To find the comparison and exchange costs for the heapsort process, we consider the two phases (heapification of the original array and repeated removal of maximum elements) separately. The second phase proves easier to analyze, so we start with it.

Note that removing the maximum element from a heap of $n$ items involves $O(\log_2 n)$ exchanges as this is the height of a binary tree of $n$ elements, and thus the maximum number of sinks that will happen to the item that replaces the root upon dequeuement.

As such, the exchange cost of removing $n$ elements is $O(n \log_2 n)$.

In sinking, recall that we must compare nodes with *both* of their children, while exchanges involve only *one* of these. As such, the comparison cost is twice that of the exchange cost. However, being only a constant multiple of the exchange cost, it is again $O(n \log_2 n)$.

Now let us consider the exchange cost of the first part of the heapsort algorithm -- the "heapification" of the array to be sorted.

(*Be aware, there's a wee little bit of calculus ahead..*)

Let's suppose the tree in question has height $h$. Then in the worst case, we need to heapify $2^{h+1}-1$ items. Suppose -- also in the worst case -- that at every level, every node sinks to the bottom-most level.

That means that the $2^h$ leaves didn't fall any levels (requiring $0$ exchanges), the $2^{h-1}$ nodes directly above these all fell $1$ level (requiring $2^{h-1}$ exchanges total), the $2^{h-2}$ nodes on the level above those nodes fell $2$ levels (requiring $2^{h-2} \cdot 2$ exchanges total), and so on. As an example, the tree below shows the number of exchanges required in the worst case when the height of the tree is $h=3$.

To calculate $C(n)$ for exchanges made during heapification in the worst case, we thus first replace $n$ with its equivalent expression in terms of $h$, and then find (in terms of $h$) the sum of exchanges associated with each level, from the bottom-most level to the root. Writing the expression in summation notation will be convenient, as well.

$$\begin{array}{rcl} C(n) &=& C(2^h-1)\\ &=& 2^h \cdot 0 + 2^{h-1} \cdot 1 + 2^{h-2} \cdot 2 + 2^{h-3} \cdot 3 + \cdots + 2^{h-h} \cdot h\\ &=& \displaystyle{\sum_{i=0}^h 2^{h-i} i}\\ &=& \displaystyle{2^h \sum_{i=0}^h \frac{i}{2^i}}\\ \end{array}$$There is a clever trick for dealing with the last sum above, which may not be immediately familiar.
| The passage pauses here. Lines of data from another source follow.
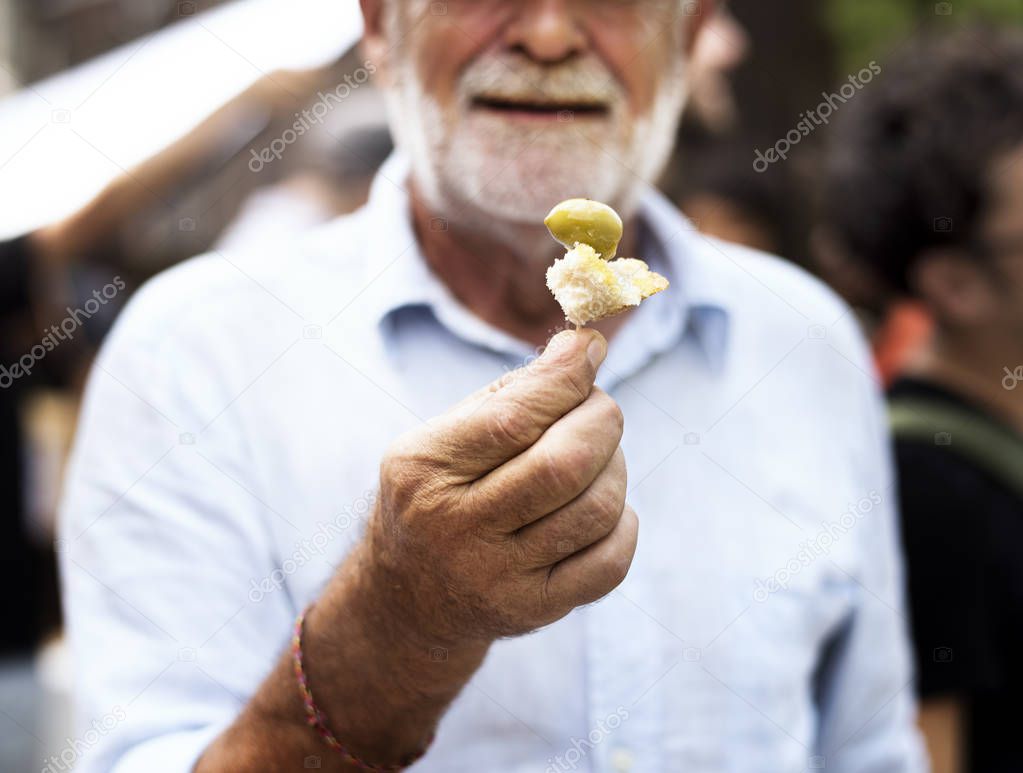 Man Showing Bread 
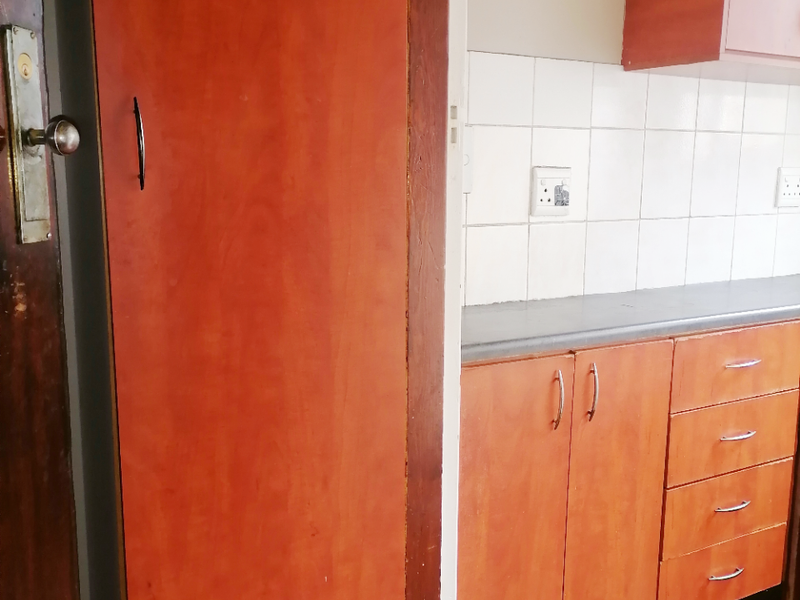 A compact kitchen area featuring dated timber-look cabinetry, a neutral tiled backsplash, and worn timber flooring, offering potential for a modern renovation.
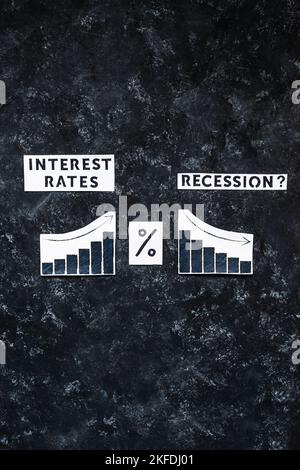 Interest Rates and Recession text with percentage symbol and charts showing cost of loans going up  and economic growth going down, concept of post pa Stock Photo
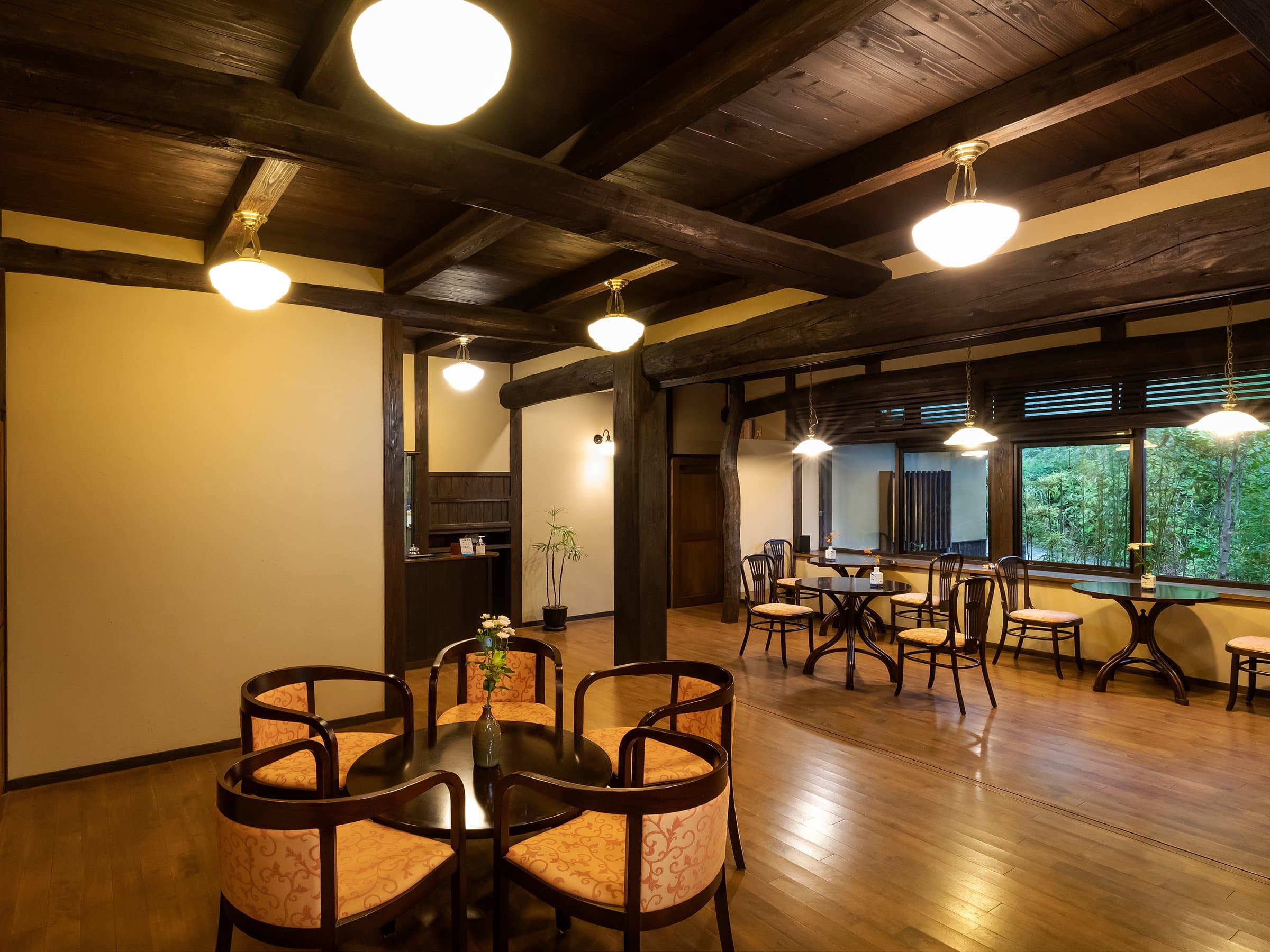 Warm wooden lounge with cafe seating and a beamed ceiling at Yufuin Yufusaryo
First recall the sum of an infinite geometric series for any constant ratio $x \lt 1$:

$$\sum_{i=0}^{\infty} x^i = \frac{1}{1-x}$$Taking a derivative of both sides with respect to $x$, and then multiplying by $x$, we have

$$\sum_{i=0}^{\infty} i x^{i-1} = \frac{1}{(1-x)^2} \quad \textrm{ and then } \quad \sum_{i=0}^{\infty} i x^i = \frac{x}{(1-x)^2}$$Now substitute $x = 1/2$ and we have

$$\sum_{i=0}^{\infty} \frac{i}{2^i} = \frac{1/2}{(1-(1/2))^2} = \frac{1/2}{1/4} = 2$$Of course, we are interested in the sum from $i=0$ to $i=h$ instead -- which will be smaller. As such,

$$C(n) \lt 2^h \cdot 2 = 2^{h+1}$$But recall $n = 2^{h+1} - 1$, so the exchange cost $C(n)$ in the worst case is approximately $n$.

Remembering that earlier above we said the comparison cost was twice the exchange cost, it must be that in the worst case the comparison cost is approximately $2n$.

Of course, both of these are smaller than the bound $O(n \log_2 n)$ on the cost of the second phase, found at the beginning of our discussion.

As a result, the overall exchange and comparison costs for heapsort is $O(n \ln n)$.